Any guesses on age that I need to think about getting rid of him?


----------



## Up North (Nov 29, 2005)

I recently had to get rid of my bull because he turned on me. He was around 1 1/2 to 2 years old. Luckily all my girls are currently bred but I'm going to be in a bind this spring. I don't have a replacement. He had just hit the stage where he stopped looking like a scrawny teenager and he really looked like a bull. He had just started getting some good size on him and really filling out when he turned. Anyways, if he's 3 and still not showing any signs of aggression I would say you are good to go. That's not saying that there won't be some change in circumstances that lead him to change his behavior but at 3 he should be done growing and pretty much set in his ways.


----------



## CoachB (Aug 30, 2011)

Rookie question but can I assume that it is only the actual bulls with the bad reputation? We are considering getting some bottle Jersey calfs from a local dairy and then banding them at some point. Jersey steers for beef shouldn't be agressive, right? I have a choice between strait Jerseys or Holstein/Jersey crosses.
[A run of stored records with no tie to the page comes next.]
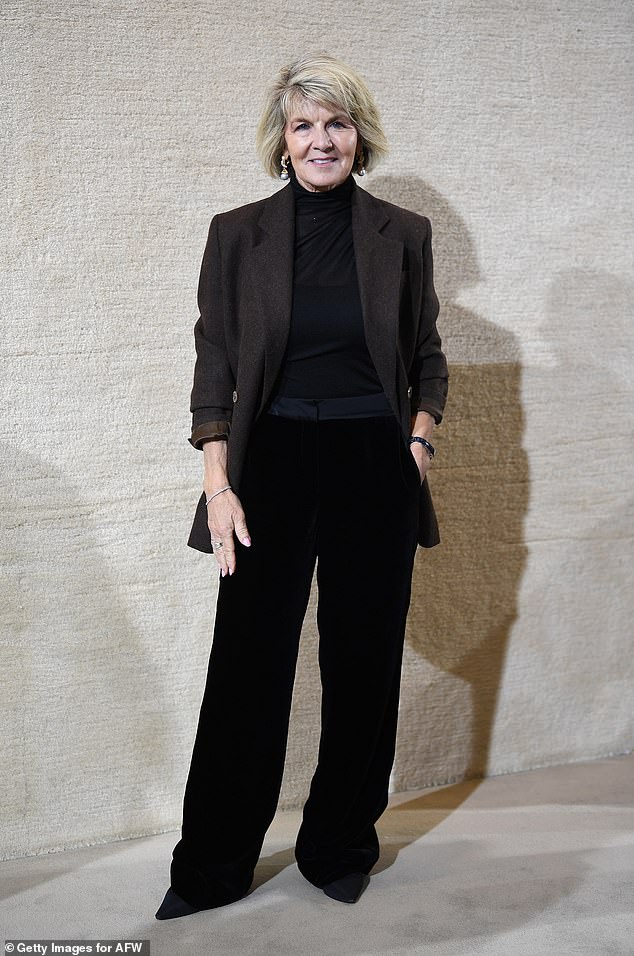 She made a solo entrance at the Viktoria & Woods show at Sydney's Carriageworks on Monday, wearing a brown coat, black turtleneck and trousers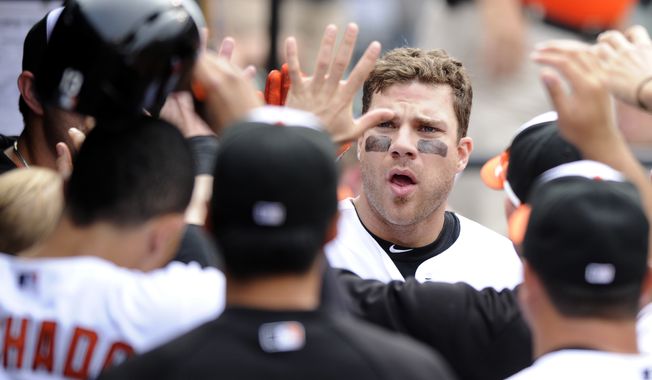 Baltimore Orioles' Chris Davis celebrates his two-run home run in the dugout during the eighth inning of a baseball game against the Colorado Rockies, Sunday, Aug. 18, 2013, in Baltimore. The Orioles won 7-2. (AP Photo/Nick Wass)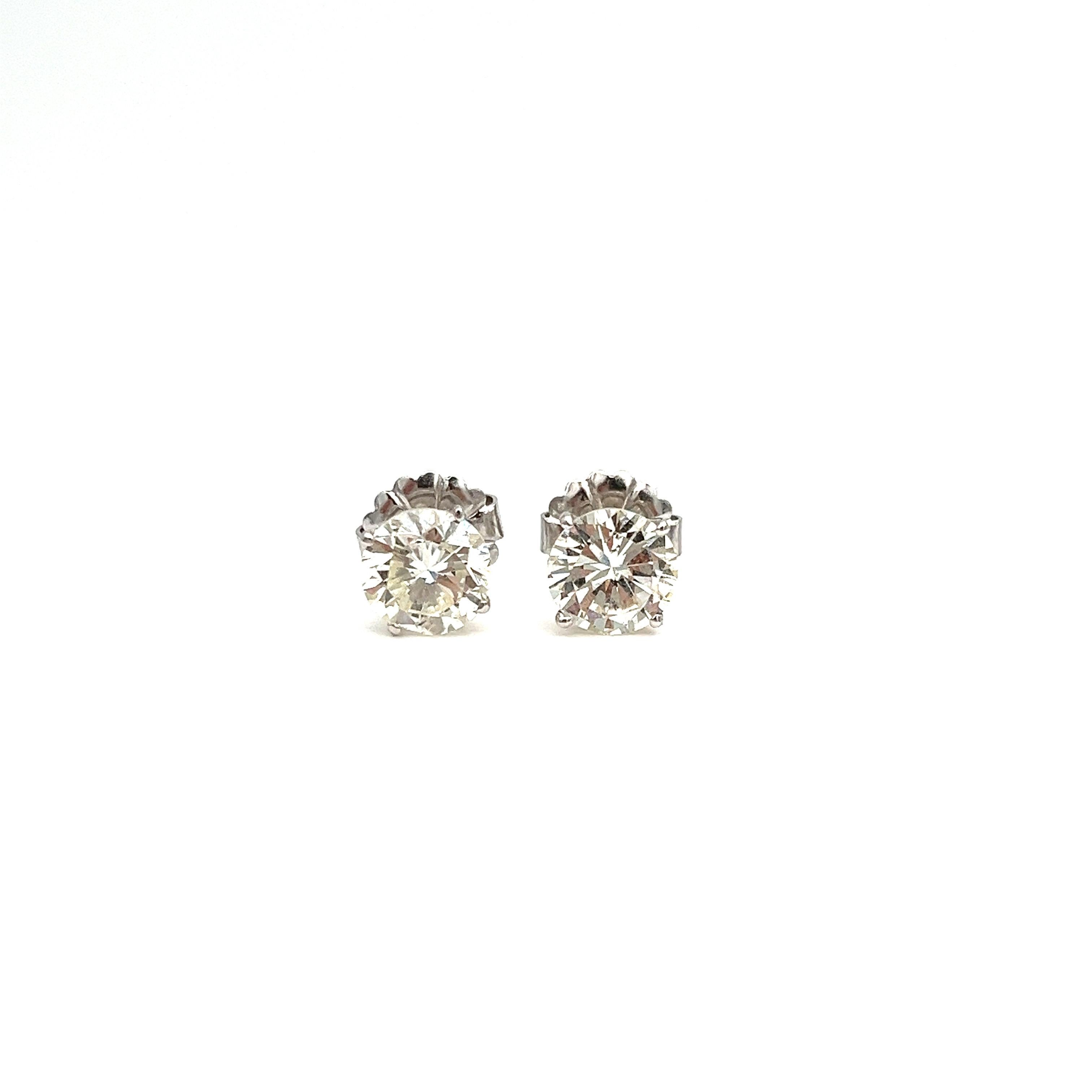 Round Cut 4.73 ct Diamond Stud Earrings  For Sale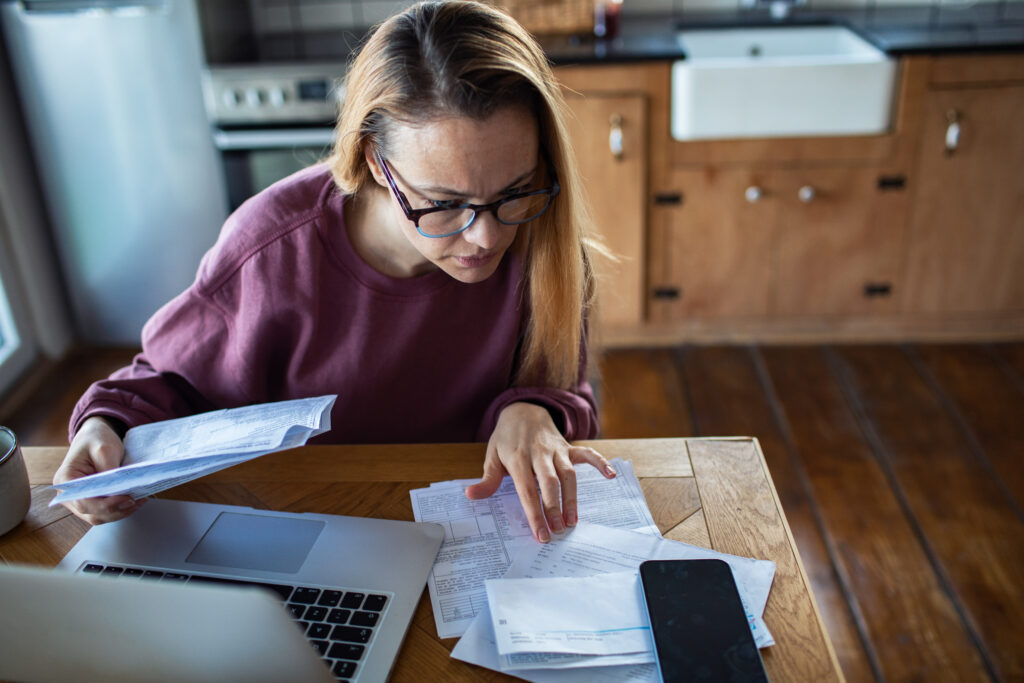 Woman reviewing bills and financial documents at a kitchen table with a laptop and smartphone, concentrating on her finances.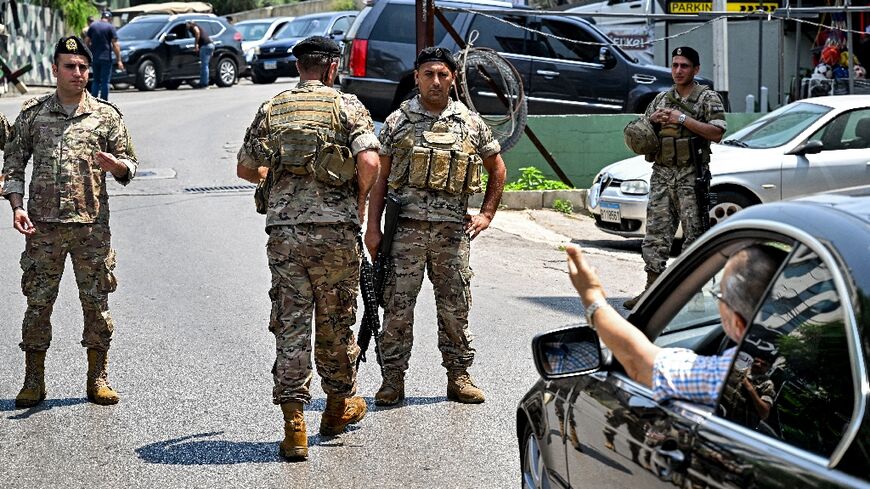 Lebanese troops turn back motorists as they close off access to the area around the US embassy after a shooting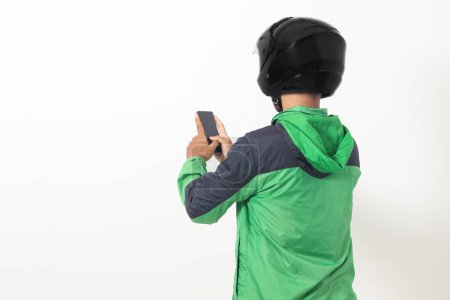 Téléchargez les photos : Vue arrière du chauffeur de taxi en ligne asiatique portant une veste verte et un casque tenant un téléphone portable avec écran blanc. Image isolée sur fond blanc - en image libre de droit
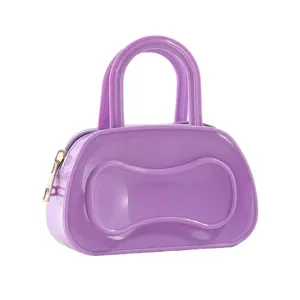 Purple PVC jelly handbag featuring glossy finish, double top handles, zipper closure and style.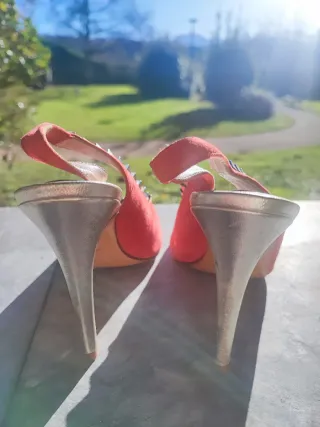 Zapatos de tacón rojos con tachuelas doradas
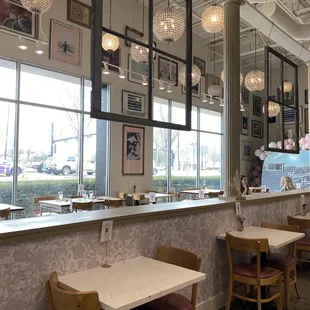 a dining area with tables and chairs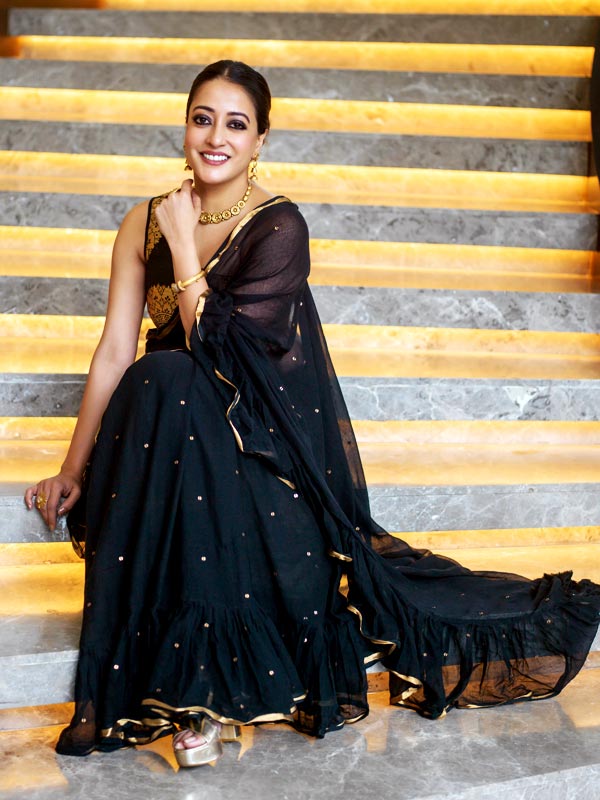 কালোতেই জমেছে রাইমার নবমীর সাজ।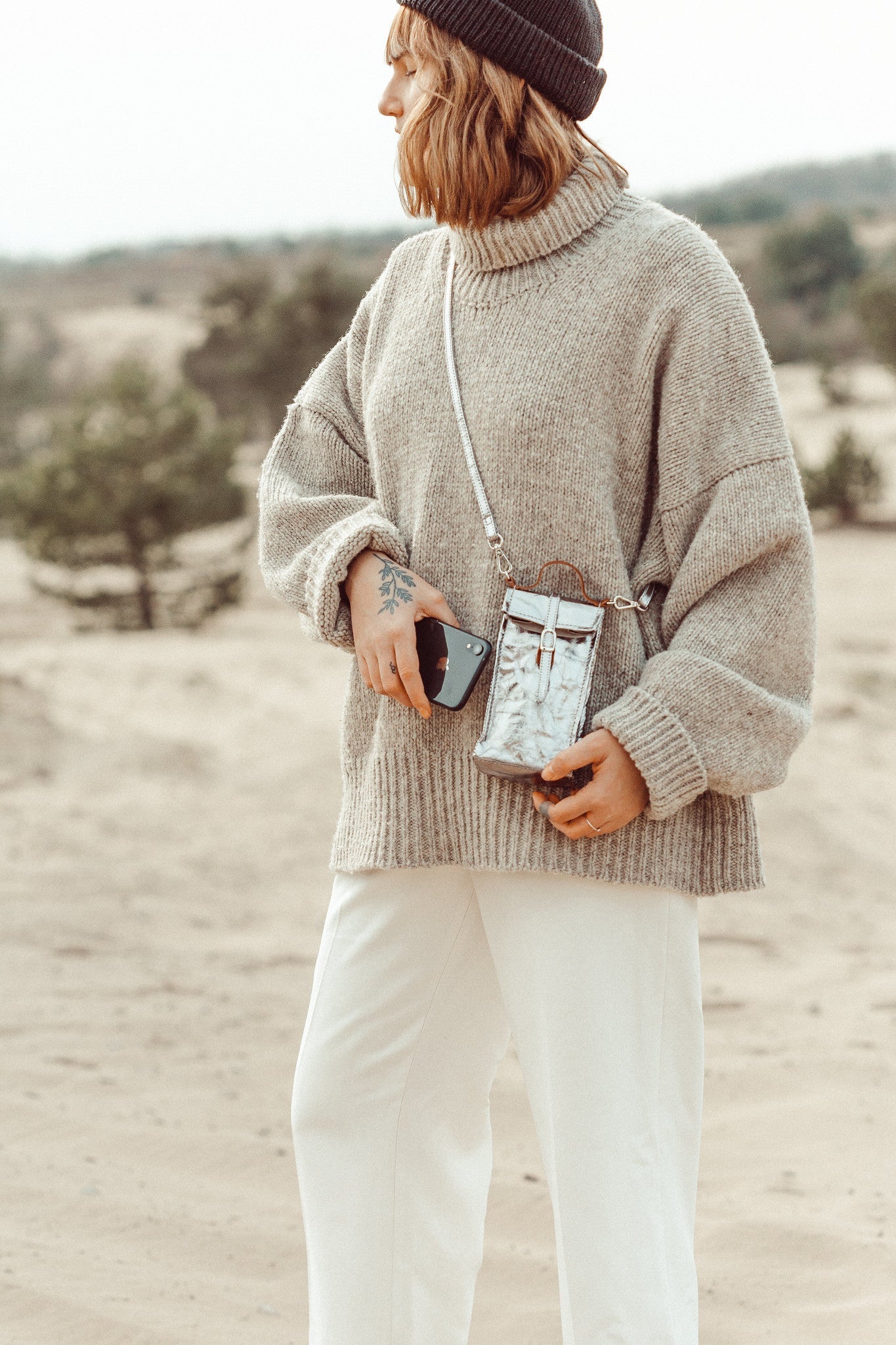 A woman is shown on the beach wearing a beanie hat, a beige jumper and white trousers. She is wearing a washable paper phone pouch crossbody in metallic silver.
Thought the strait Jerseys might do better for us since we are going to try almost all grass fed.


----------



## glenn amolenaar (Mar 3, 2007)

Bulls usually begin to show bad traits about the age of four go to sale barn and you see a lot of them in this age range. The dairy breeds are handled (usually) more than beef breeds and people tend to forget this and get hurt, It seems the Jersey is #1 because when small they are so lovable and people make them pets.
This past summer my halter broke gentle 4 1/2 yo bull decided over night that I did not belong in pasture (no I did not lead him he was shown by a young lady). He chased me around truck,I got him back to holding pen shipped him to sale. End of story you NEVER trust a bull.


----------



## glenn amolenaar (Mar 3, 2007)

CoachB, we have raised many Jersey steers never had a mean one, we band all our bull calves as soon as both testes drop this is usually first few days after birth. Less stress than cutting at a later age but the steer seems to gain slower than a bull calf of the same age and breed. And to us we feel the safety for all is well worth it.


----------



## CoachB (Aug 30, 2011)

glenn amolenaar said:


> CoachB, we have raised many Jersey steers never had a mean one, we band all our bull calves as soon as both testes drop this is usually first few days after birth..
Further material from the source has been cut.